A body is dropped from the rooftop of the building.The body reaches the ground at t= 4.05 from the point of release.how tall is the building?what is the speed of the body just before it reaches the ground?
The symbol t is usually not used to denote distance. It is used for time. Did you copy the problem correctly? What are the dimensions that go with the number 4.05?
i copied the problem correctly sir :)
The problem would make sense if it said the body reaches the ground 4.05 seconds after it is dropped.
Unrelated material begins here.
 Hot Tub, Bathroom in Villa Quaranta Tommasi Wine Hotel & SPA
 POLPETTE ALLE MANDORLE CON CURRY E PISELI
If it is really the way you said, with no dimensions after the number 4.05, you should be learning physics somewhere else.
To calculate the height of the building, we can use the formula for the free fall motion:
h = (1/2) * g * t^2
where:
h = height of the building
g = acceleration due to gravity (approximately 9.8 m/s^2)
t = time it takes for the body to reach the ground (4.05 seconds)
Substituting the given values into the formula:
h = (1/2) * 9.8 * (4.05^2)
h ≈ 79.59 meters
Therefore, the height of the building is approximately 79.59 meters.
To calculate the speed of the body just before it reaches the ground, we can use the formula for the final velocity in free fall motion:
v = g * t
Substituting the values:
v = 9.8 * 4.05
v ≈ 39.69 m/s
Therefore, the speed of the body just before it reaches the ground is approximately 39.69 m/s.